The first thing I noticed was the numerous similes in the poem. We underlined those. Then we read them again and noticed that most of the similes compared something the speaker saw or felt to something in the ocean or on the beach. So we labeled this piece of evidence “similes–ocean diction.”
Then we tried to categorize the similes that did not fall under this category– “rocks stick out near shore like heads” and “towel like a widow’s shawl.” Students helped me decide that these pieces of evidence fit under the category of “similes–loss imagery.” We did not speculate as to why the writer had included so many similes or how she used similes to reinforce her theme)–we simply noticed and labelled them as precisely as we could.

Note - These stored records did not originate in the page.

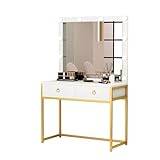 Make Up Desk, Vanity With Storage And Lighted Mirror, 440lb Load Capacity Dressing Table With LED Three-Color Bulb And High-Definition Mercury Lens ( Color : White+Gold Frame , Size : 100*40*160cm )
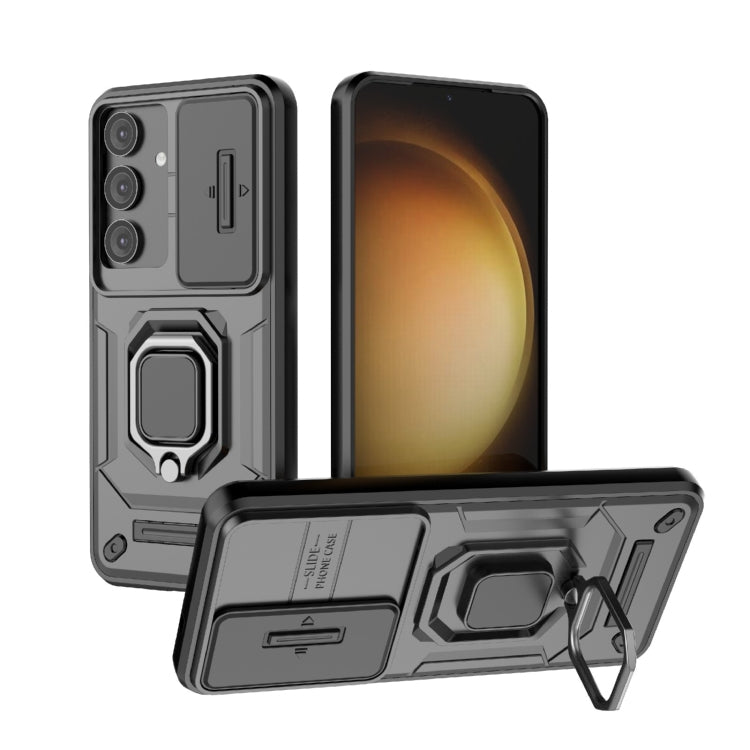 Sliding Camshield TPU + PC Shockproof Phone Case with Holder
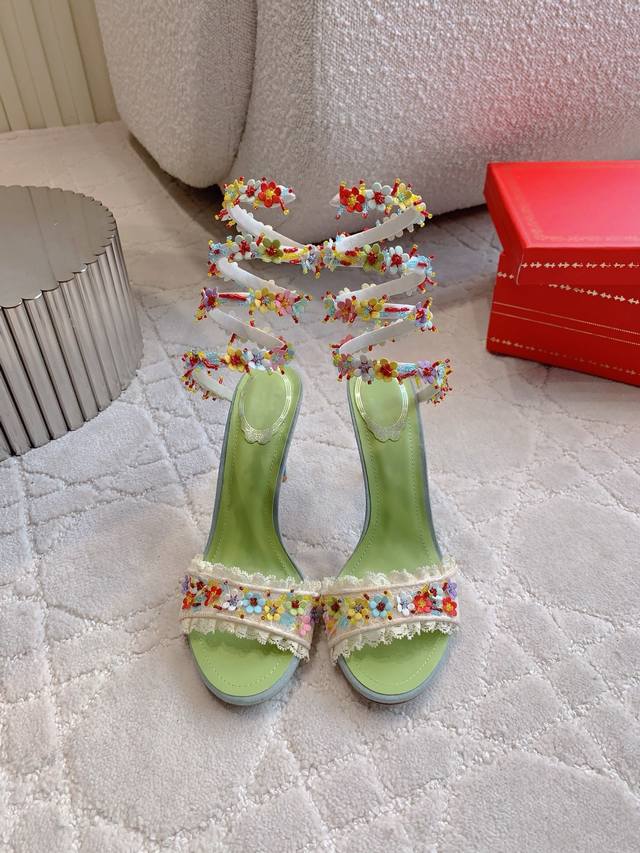 拖鞋 后带 蛇形 Ren* Caovill* 新款超重工繁花高跟鞋 纯手工缝制花朵 耗工耗时 精致奢华 鞋面透气网纱手工羊皮花朵 羊皮垫脚 原版闪面真皮大底 跟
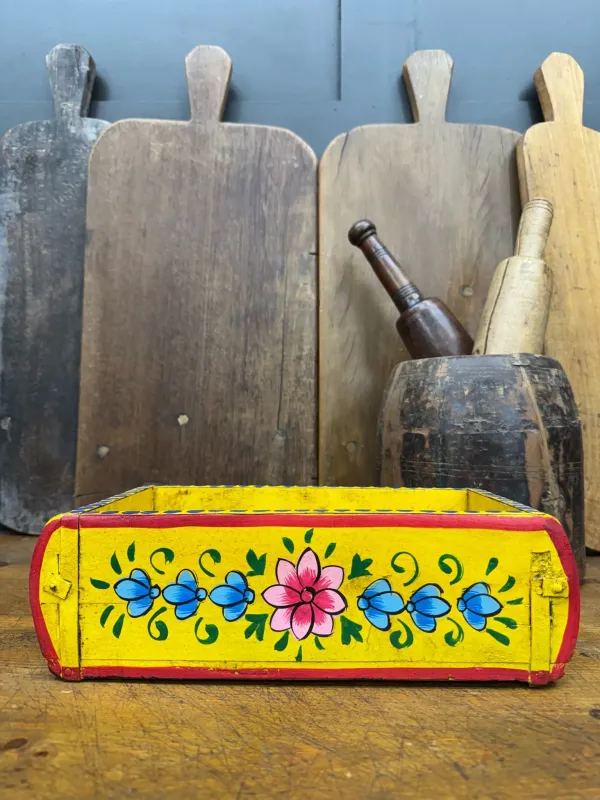 Canary Wooden Painted Brick Mould / Decorative Herb Planter / Storage Box Tray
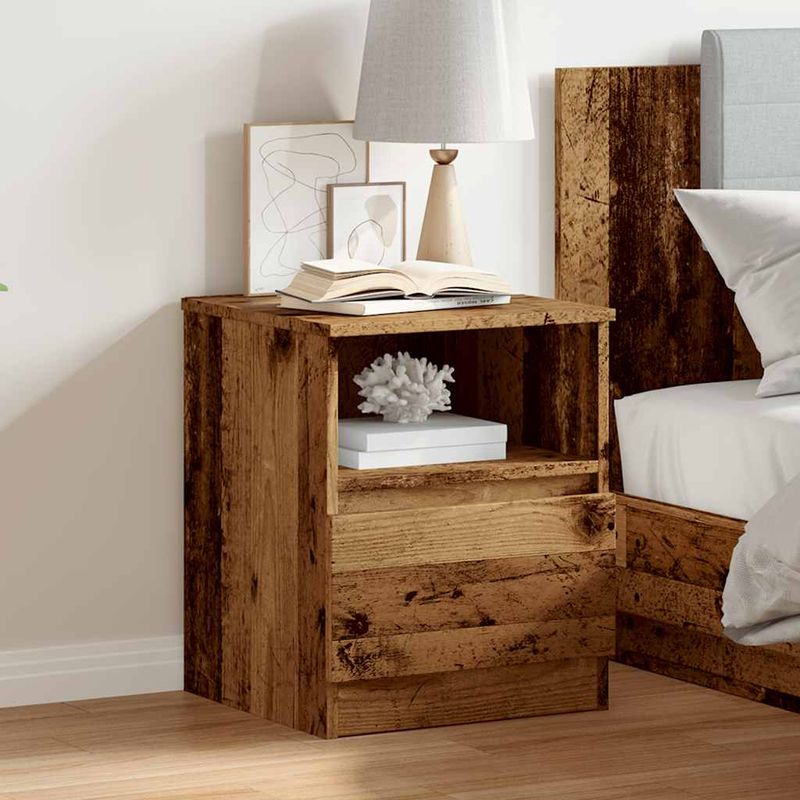 Casa si Gradina - Mobilier - Comode si corpuri - Noptiere - Noptiera, lemn vechi, 40x40x50 cm, lemn prelucrat - Infinity.ro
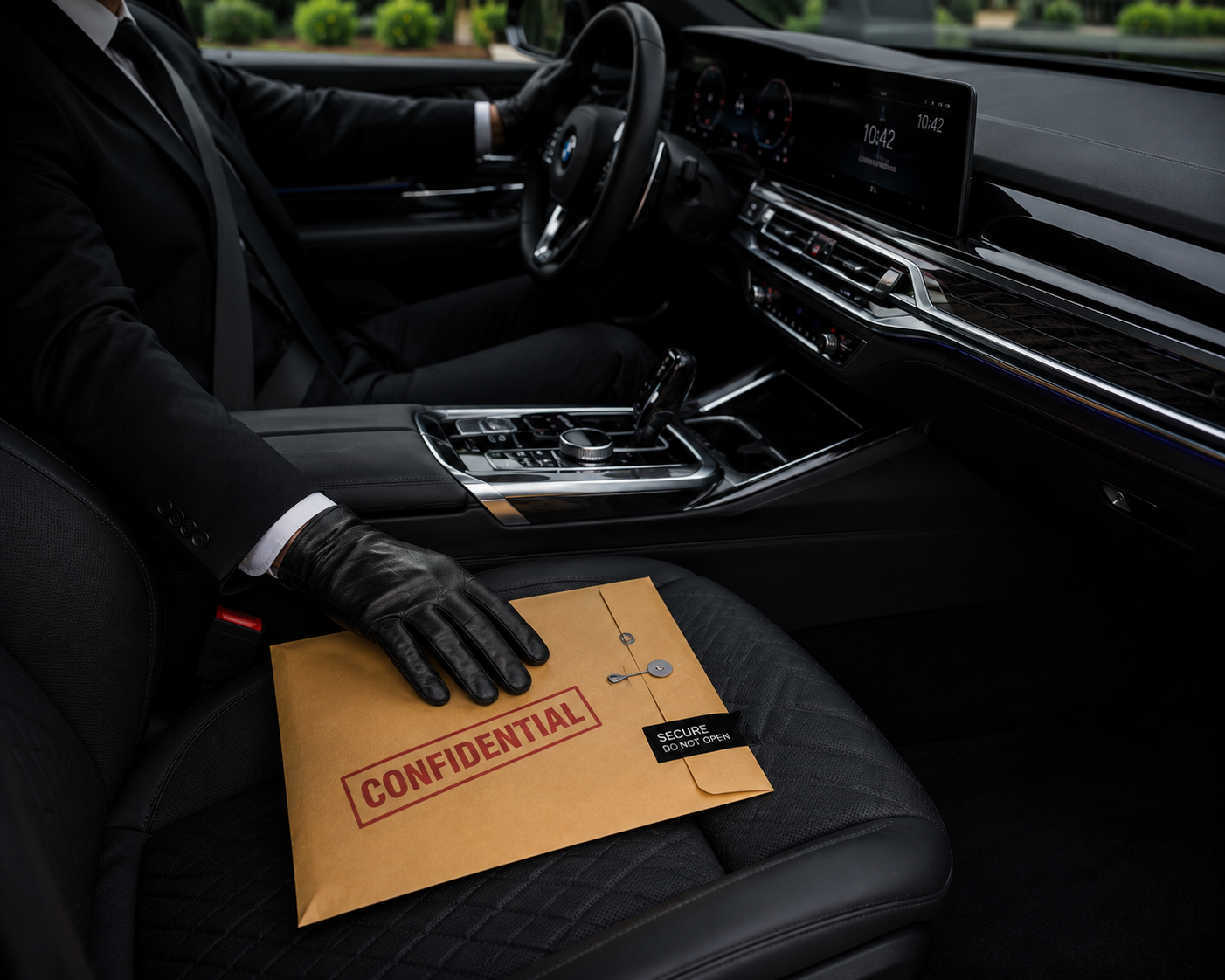 Inside the front seat of a luxury car, a person in a black suit with black leather gloves is holding a confidential document. The car has a modern dashboard with a digital display.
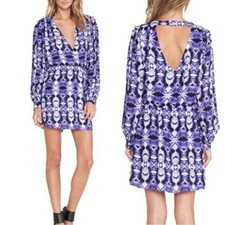 Parker Lila 100% Silk Aura Purple Long Sleeve Patterned Mini Dress - Small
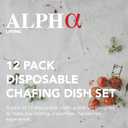 Alpha Living 12 Pack - Disposable Chafing Dish Buffet Set, Welded Body Food Warmers for Parties, 2hr Fuel Cans Complete Set, Half Size Pans, Warming Trays
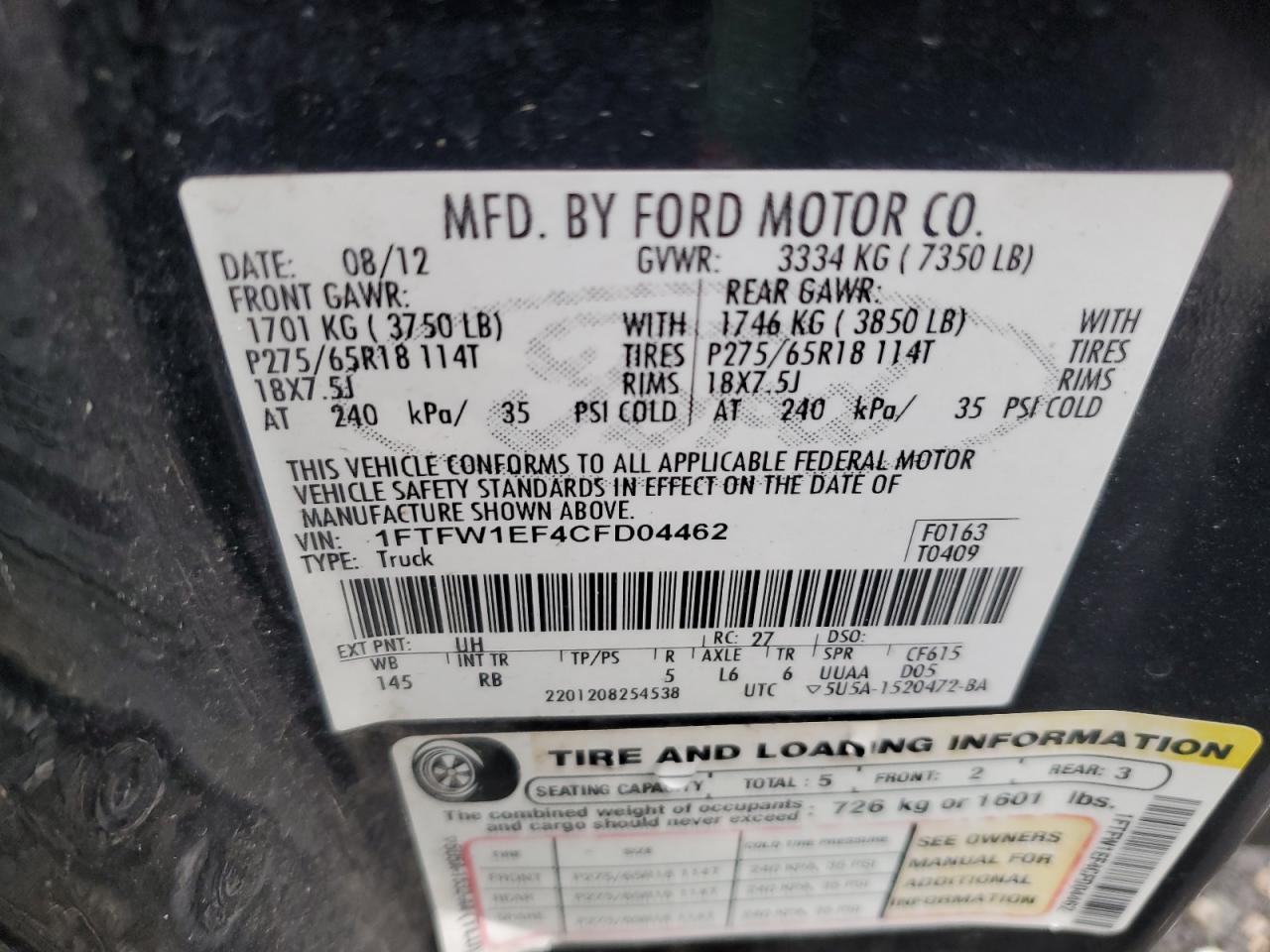 2012 Ford F150 Supercrew VIN: 1FTFW1EF4CFD04462 Lot: 81925045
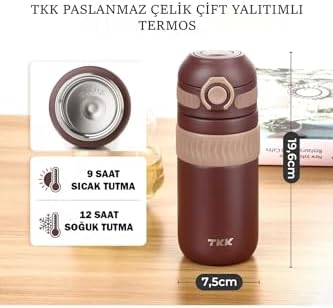 Alternative view of TKK 450ml Rahat İçim Çift Yalıtımlı Paslanmaz Çelik Termos Matara (Yeşil)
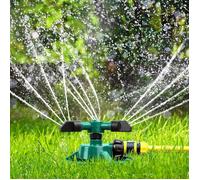 Arroseur de jardin oscillant - Rotation à 360°, durable, à 3 bras, réglable - Irrigation à grande échelle des plantes et pelouses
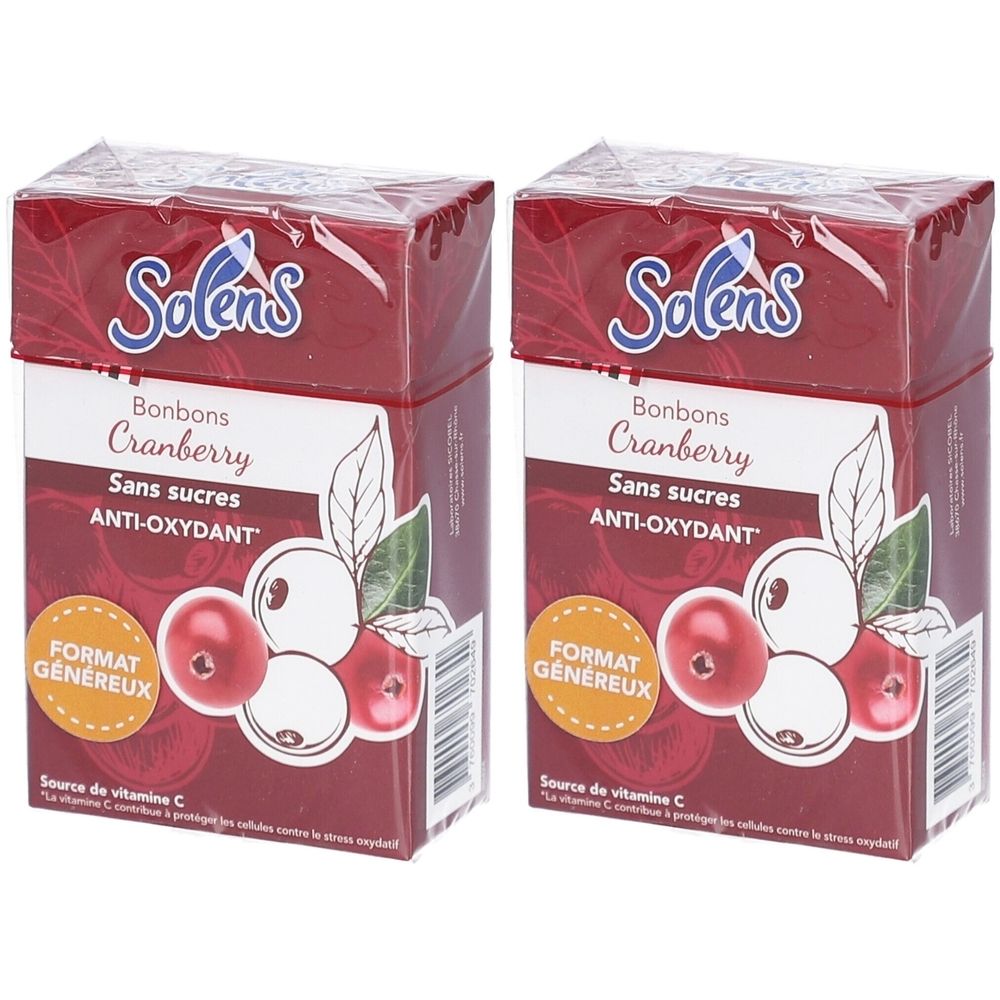 Deux boîtes de Solens Bonbons Cranberry Sans Sucres. Emballage rouge avec nom du produit, illustration de canneberges et texte. Emballage transparent.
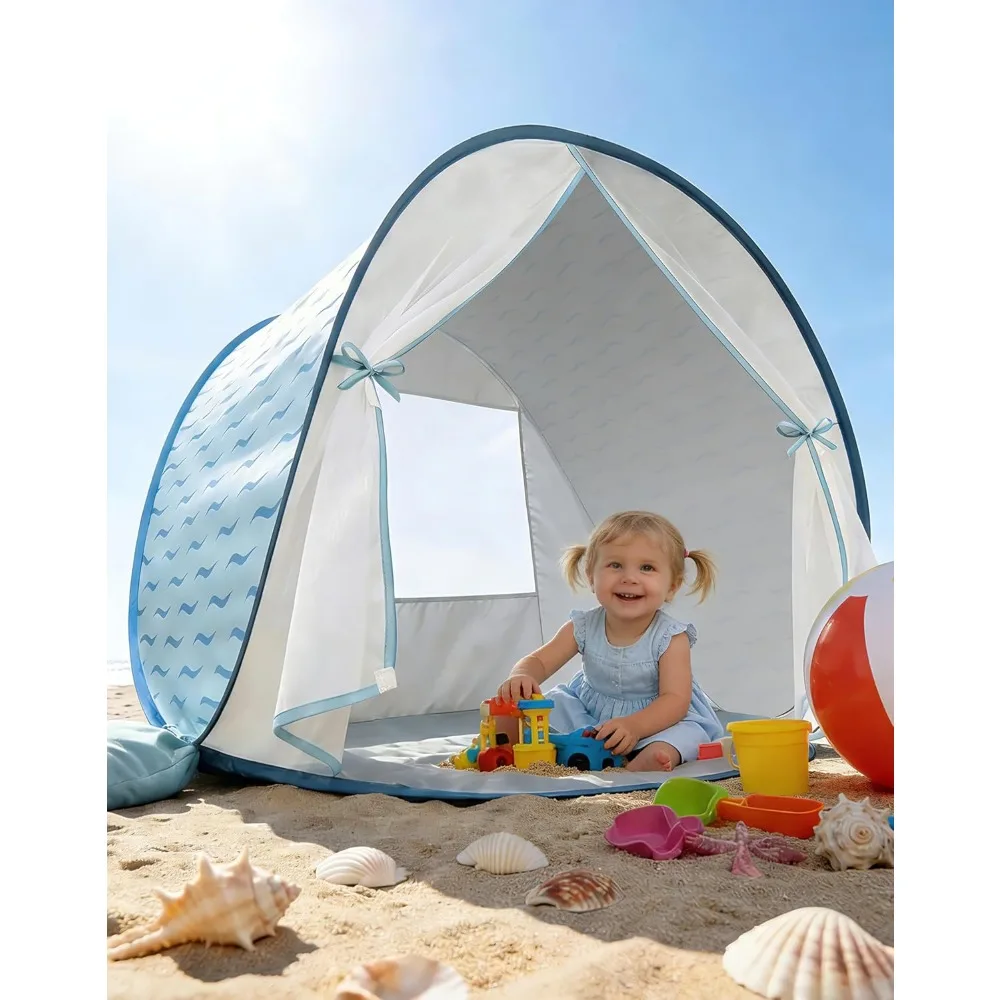 

Upgraded Baby Beach Tent UPF50 UV Shade with Mosquito Net Portable Outdoor Summer Infant Canopy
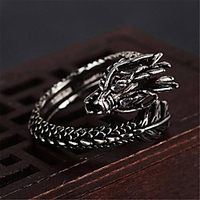 Open Ring 3D Black Copper Silver Plated Dragon Precious Unique Design Fashion Vintage 1pc Adjustable / Men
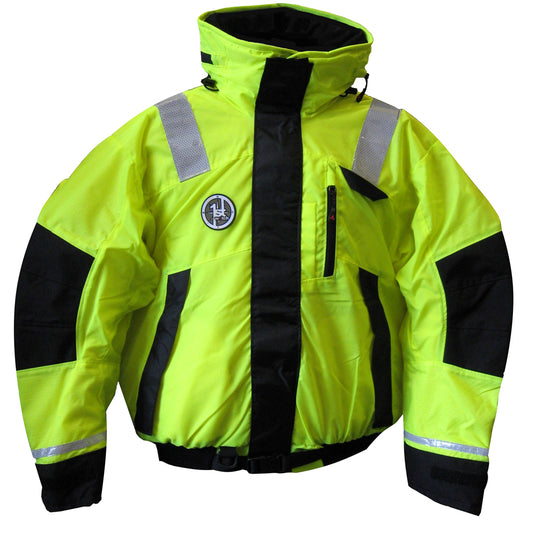 First Watch Hi-Vis Flotation Bomber Jacket - Hi-Vis Yellow/Black - Medium [AB-1100-HV-M]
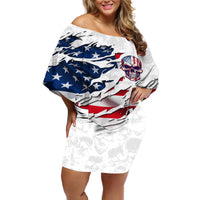 American Flag Skull Off Shoulder Short Dress - Wonder Print Shop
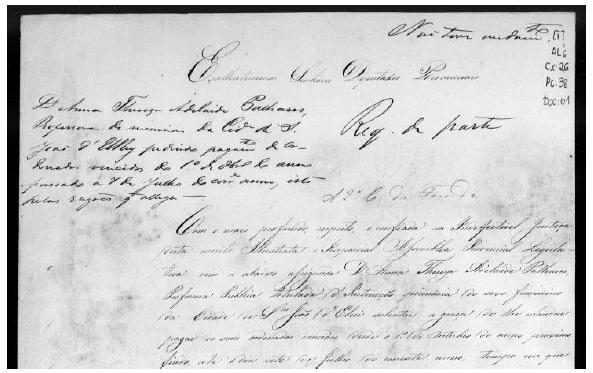 Excerto de petio de professora pblica reivindicando pagamento de ordenado em atraso - 1859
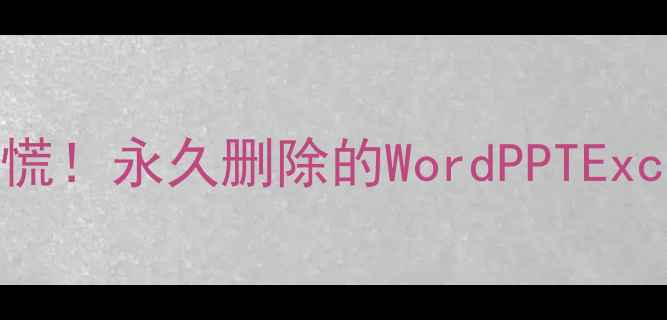 电脑死机文件丢失别慌永久删除的WordPPTExcel一键找回神器来了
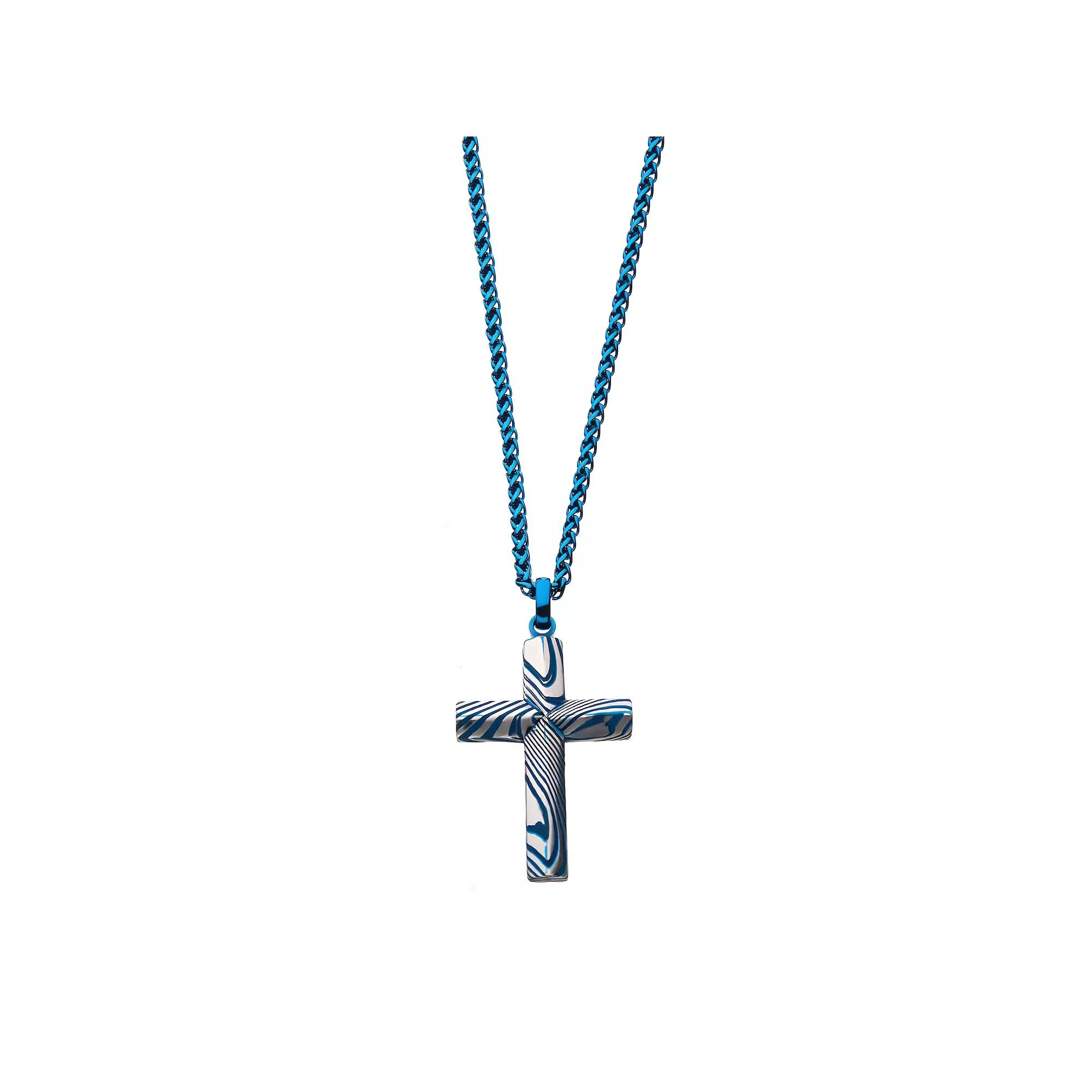 Men's Two Tone Stainless Steel Damascus Cross Pendant Necklace, Size: 24", Blue Product Image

We continued moving through the poem like this, noticing something, and then trying to put it into a category to keep it organized.
Later, students returned to their own poems with the task of collecting as much evidence as they could possibly find. I stressed collection over analysis. Then students met up in small writing groups with people who had chosen the same poem and shared their noticings.
Without the pressure of analysis, the classroom buzzed with a different energy as students approached the poems like investigators, circling back over lines to make sure they hadn’t missed anything.
Without the pressure of analysis hanging over them, I overheard a student say, “Ok. We have to speculate about what this means!”
Without the pressure of analysis hanging over us, we noticed something obvious: the alliterative ‘s’.
Without the pressure of analysis hanging over us, we noticed something NOT so obvious: the alliterative ‘w,’ a letter associated with question words (who, what, where), words we utter when we don’t have information we need, like the speaker who wonders where her husband is and who he has become when he returns.
I’m convinced that students will find the BEST evidence without the pressure of analysis hanging over them. And they may actually default to analysis when you tell them not to.